In this manner, in the fuel cell 30, an aqueous solution of methanol being set to have a predetermined concentration is fed to the anode 41 of the power generation unit 40. Also, a predetermined amount of oxygen is supplied from the feed pump 63 regulated by the control unit 70 to the cathode 42 of the power generation unit 40.

In the anode 41 in the power generation unit 40, the methanol (CH₃OH) is reacted with water (H₂O) to generate hydrogen ions (H⁺), electrons (e⁻), and carbon dioxide (CO₂). This reaction is generally represented by the following chemical formula:
CH₃OH+H₂O→CO₂+6H+6e

Here, when a load resistance R is connected between the anode 41 and the cathode 42, the electrons (e⁻) are moved to the cathode 42. Consequently, current flows in the load resistance R. The hydrogen ions (H⁺) generated in the anode 41 are moved into the electrolyte membrane 43 to reach the cathode 42. At the cathode 42, the hydrogen ions (H⁺) are bonded with the oxygen (O₂) supplied from the feed pump 63 and the electrons (e⁻) moved to the cathode 42 to generate water (H₂O).
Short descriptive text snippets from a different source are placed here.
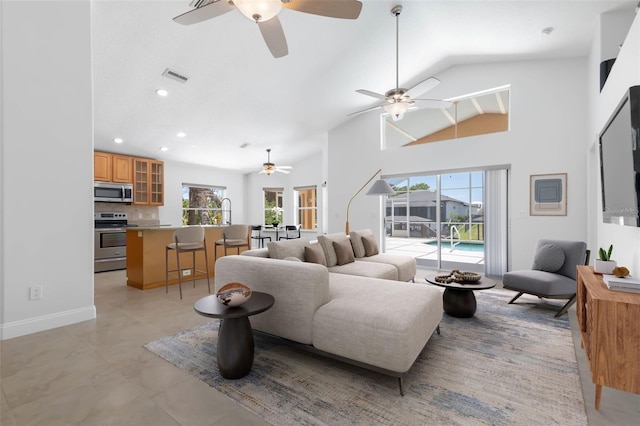 living area featuring a ceiling fan, visible vents, plenty of natural light, and recessed lighting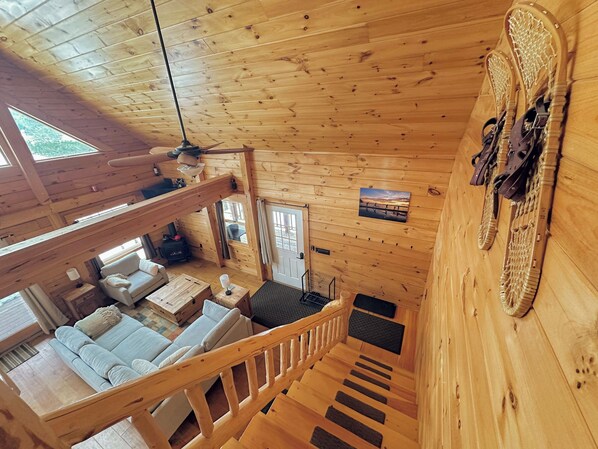 Interior de una cabaña de madera con habitación en el entrepiso, comedor y sala de estar con sofá y chimenea.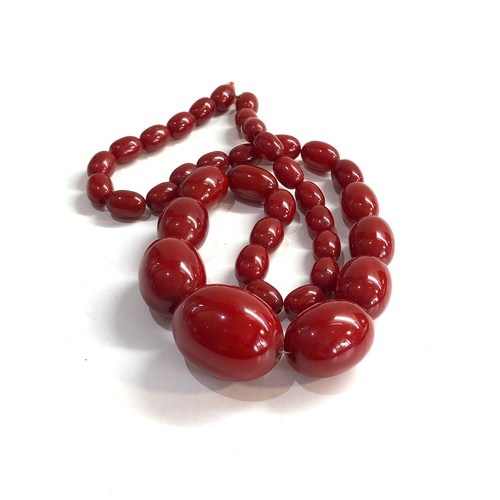 473 - Cherry amber bakelite bead necklace with internal streaking 84g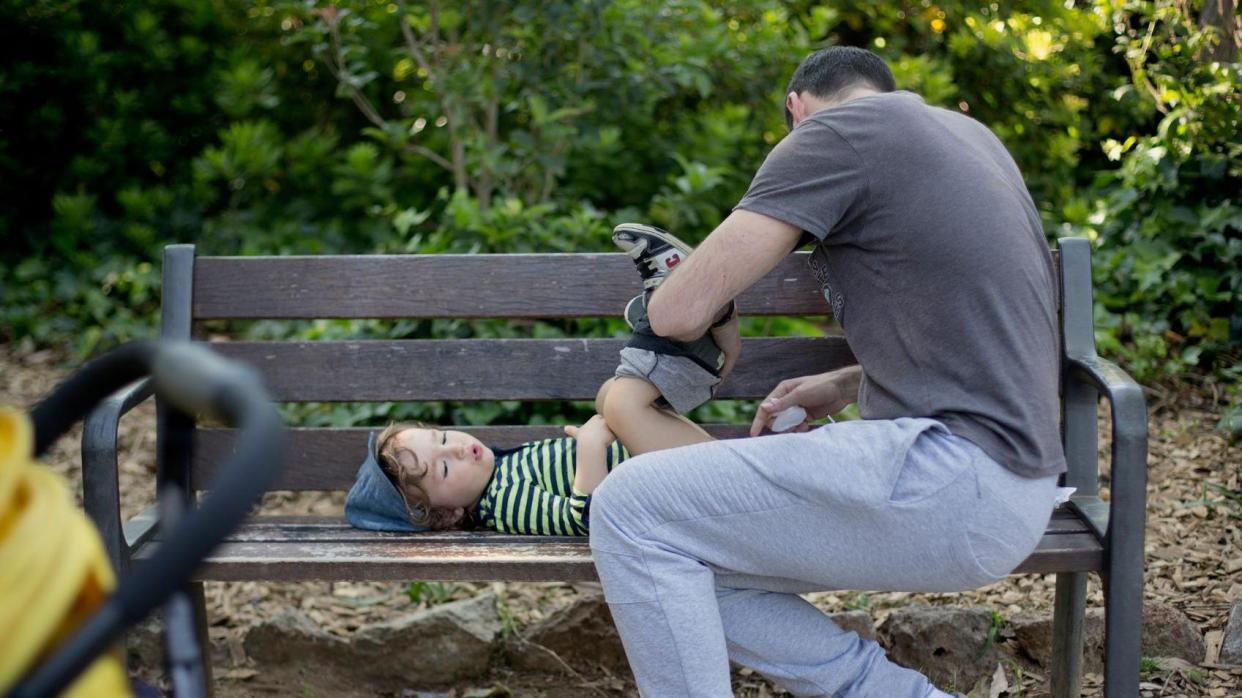 A dad changing a child's nappy on a park bench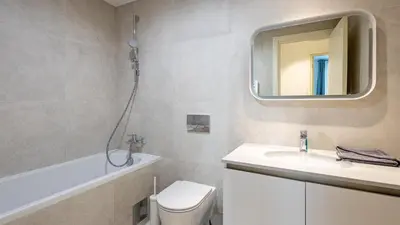 a bathroom with a toilet and a sink and a mirror at Belgrade Waterfront Quartet 1 in Belgrade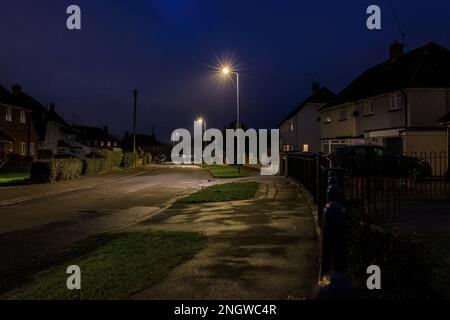 Straße von Mittelschicht-/Arbeiterhäusern mit Autos, die nachts auf der Straße im Vorort Cardiff geparkt werden Stockfoto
This reaction is generally represented by the following chemical formula:
3/2O₂+6H+6e⁻→3H₂O

The total reaction is generally represented by the following chemical formula:
CH₃OH+H₂O→CO₂+3H₂O

The water (H₂O) generated at the cathode 42 is supplied to the mixing tank 52 and is reused as water for diluting the high-concentration methanol.

The residual methanol that is not used in the power generation unit 40 is again sent to the mixing tank 52 with the circulating pump 62, and is reused for producing an aqueous solution of methanol with a predetermined low concentration, which is sent to the anode 41 of the power generation unit 40.

The above fuel cell 30 can supply an aqueous solution of methanol with a constant concentration to the power generation unit 40, thus improving the power generation efficiency of the fuel cell and supplying a stable output voltage. Furthermore, since high-concentration methanol can be used, the fuel tank, i.e., the overall fuel cell 30 can be reduced in size and in thickness, and the lifetime as a cell can be extended.

In the above embodiment, a case in which methanol, i.e., an organic fuel, is used as a substance to be measured has been described. However, the substance to be measured, the substance capable of being measured with the optical member for measuring a concentration or the concentration measurement unit of the present invention is not limited to organic fuels or methanol.

INDUSTRIAL APPLICABILITY

As described above, the present invention can provide an optical member capable of measuring the concentration of a substance to be measured with high accuracy.

The optical member, a light-emitting element, and a photo detector are placed in a housing, thereby providing an integrated concentration measurement unit.

Furthermore, since the concentration of methanol can be maintained to be constant in a fuel cell equipped with the concentration measurement unit, the efficiency of power generation can be improved and a stable output voltage can be provided.

Claims

1. An optical member for measuring a concentration comprising:

a path through which a substance to be measured passes;

a first optical element including an incident surface on which light for inspection is incident and an emitting surface facing said path;

a second optical element including an incident surface facing said path and an emitting surface from which the light is emitted; and

magnifying means that magnifies a distance between an emitting optical axis of light transmitting through said first optical element, being refracted by the substance to be measured in said path and transmitting through said second optical element, and an incident optical axis of the light for inspection.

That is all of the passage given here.